SOURCE DATA: Begin

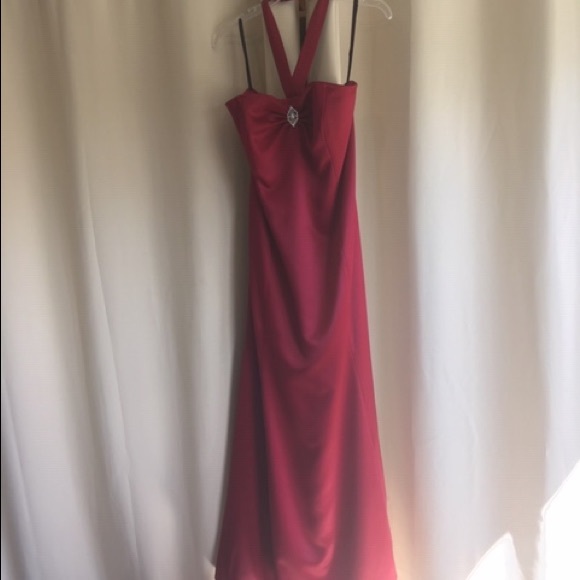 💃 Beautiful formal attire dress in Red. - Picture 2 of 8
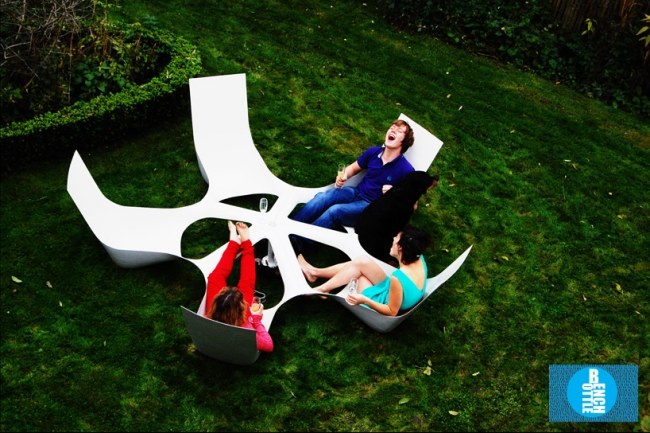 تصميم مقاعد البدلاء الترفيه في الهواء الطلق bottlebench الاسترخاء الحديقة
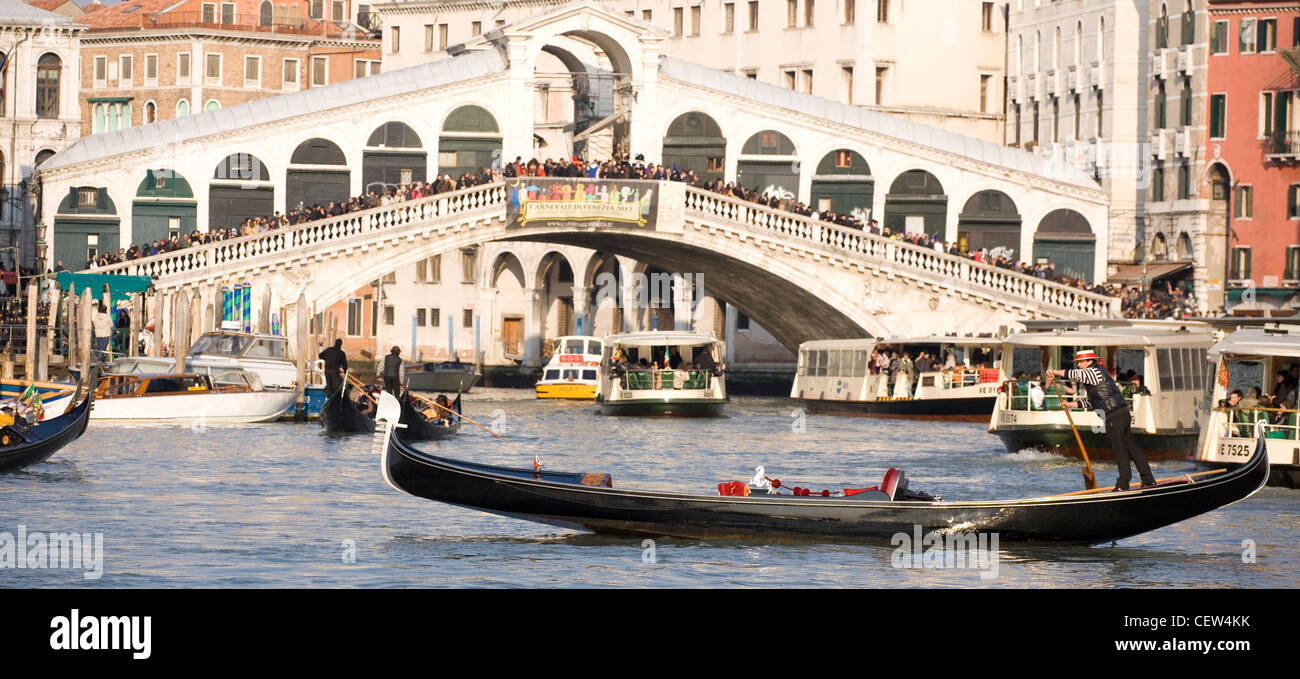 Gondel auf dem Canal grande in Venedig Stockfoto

SOURCE DATA: End

• **EXERCISE REQUIREMENTS**:
Each line of the listing above must be given again exactly; the pictures are to be left out.

• **OUTPUT FOR THIS TASK**:
 💃 Beautiful formal attire dress in Red. - Picture 2 of 8
 تصميم مقاعد البدلاء الترفيه في الهواء الطلق bottlebench الاسترخاء الحديقة
 Gondel auf dem Canal grande in Venedig Stockfoto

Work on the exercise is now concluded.